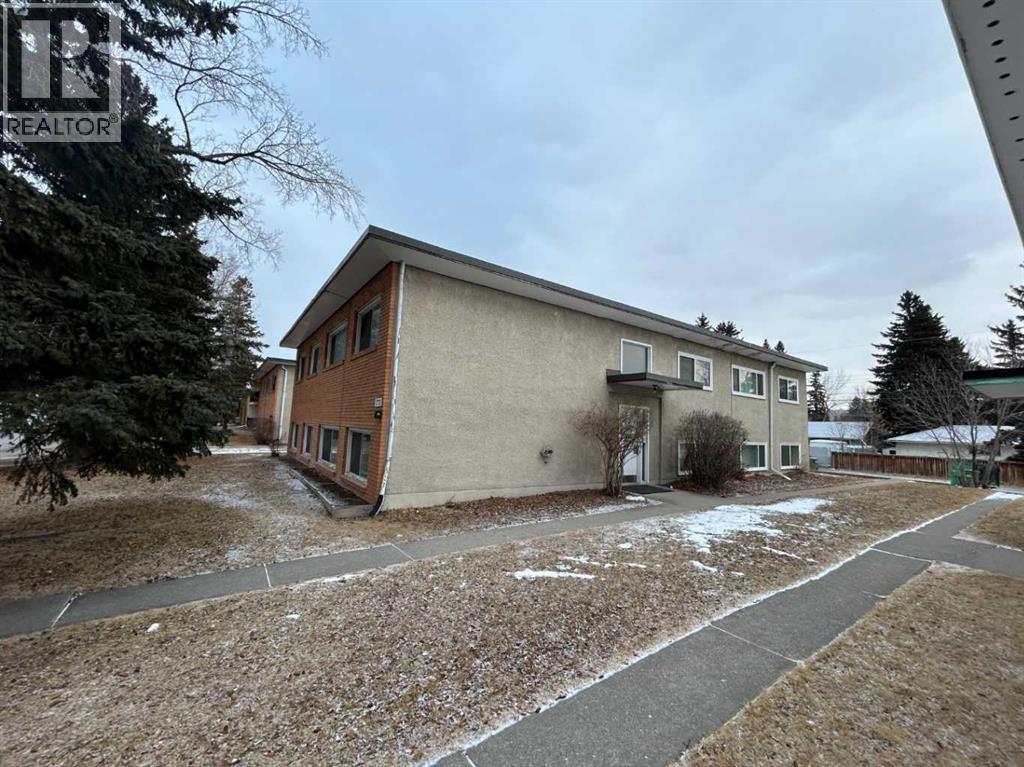 Multi-family House for Sale in / Brentwood Boulevard NW Brentwood Calgary 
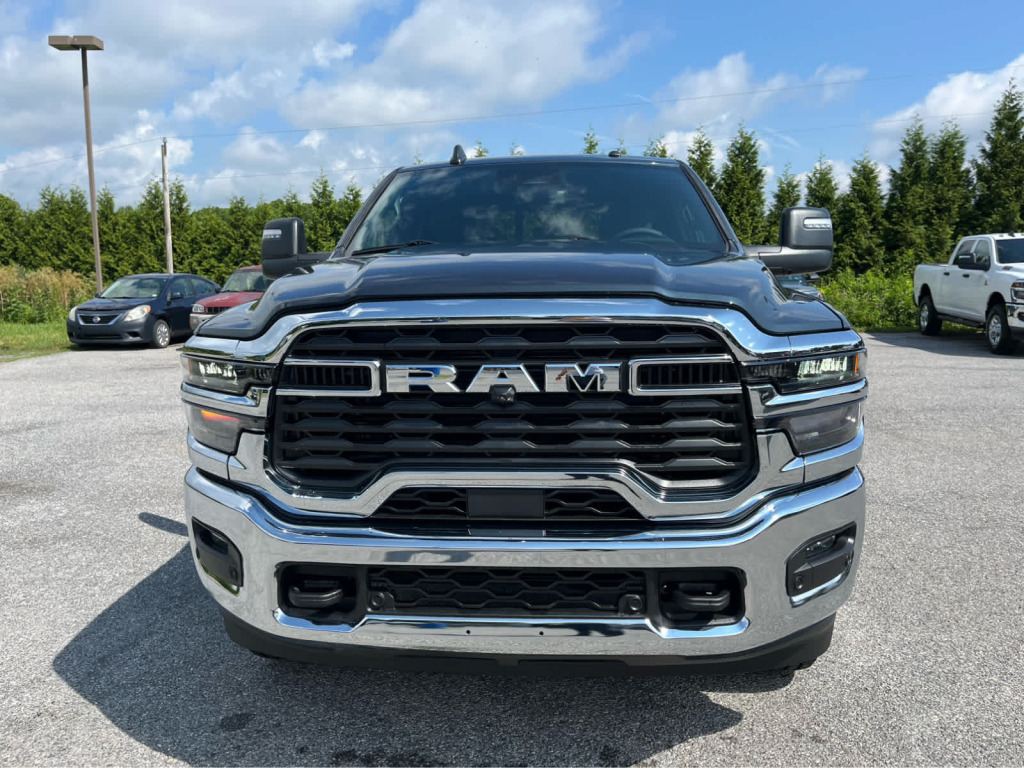2026 Ram 2500 Tradesman Crew Cab 4x4 8' Box
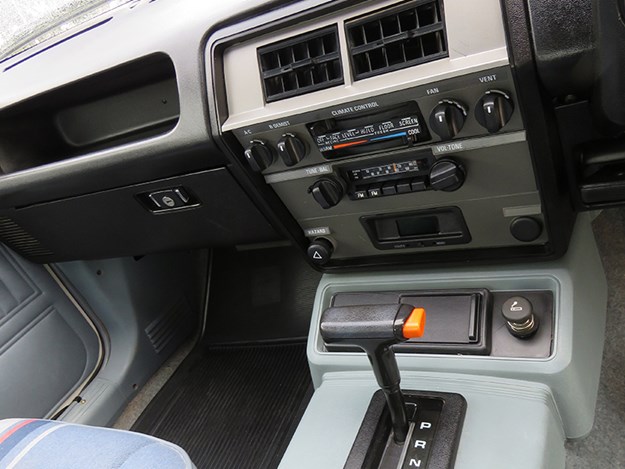 ford-xd-xe-console-crop.jpg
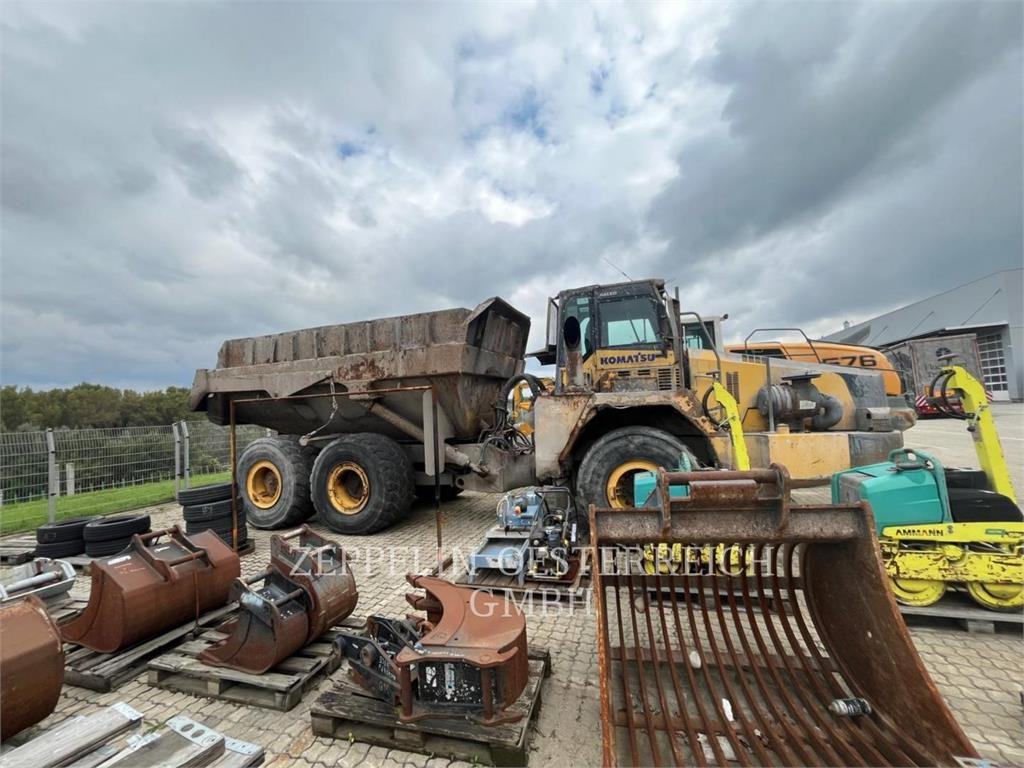 Komatsu HM300-2 - Zglobni istovarivač: slika Komatsu HM300-2 - Zglobni istovarivač Komatsu HM300-2 - Zglobni istovarivač: slika Komatsu HM300-2 - Zglobni istovarivač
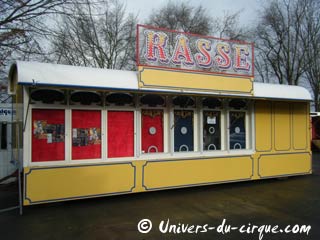 Essonne: derniers préparatifs du 18 Festival International du Cirque de Massy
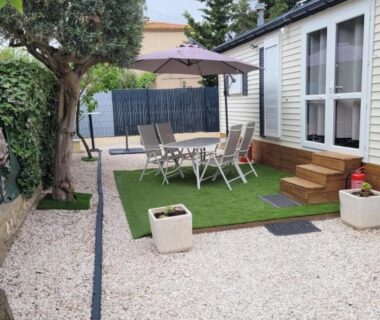 Terrasse avec parasol et table au Mobil home de Patricia et Franck à Sigean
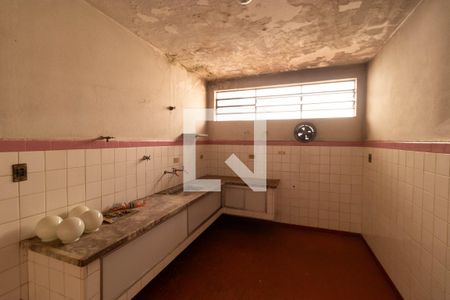 Casa à venda com 336m², 3 quartos e 6 vagas Casa à venda com 336m², 3 quartos e 6 vagasCozinha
———
Every record above must be repeated exactly, with the pictures dropped.

Solved problem —
 Multi-family House for Sale in / Brentwood Boulevard NW Brentwood Calgary 
2026 Ram 2500 Tradesman Crew Cab 4x4 8' Box
 ford-xd-xe-console-crop.jpg
 Komatsu HM300-2 - Zglobni istovarivač: slika Komatsu HM300-2 - Zglobni istovarivač Komatsu HM300-2 - Zglobni istovarivač: slika Komatsu HM300-2 - Zglobni istovarivač
 Essonne: derniers préparatifs du 18 Festival International du Cirque de Massy
 Terrasse avec parasol et table au Mobil home de Patricia et Franck à Sigean
 Casa à venda com 336m², 3 quartos e 6 vagas Casa à venda com 336m², 3 quartos e 6 vagasCozinha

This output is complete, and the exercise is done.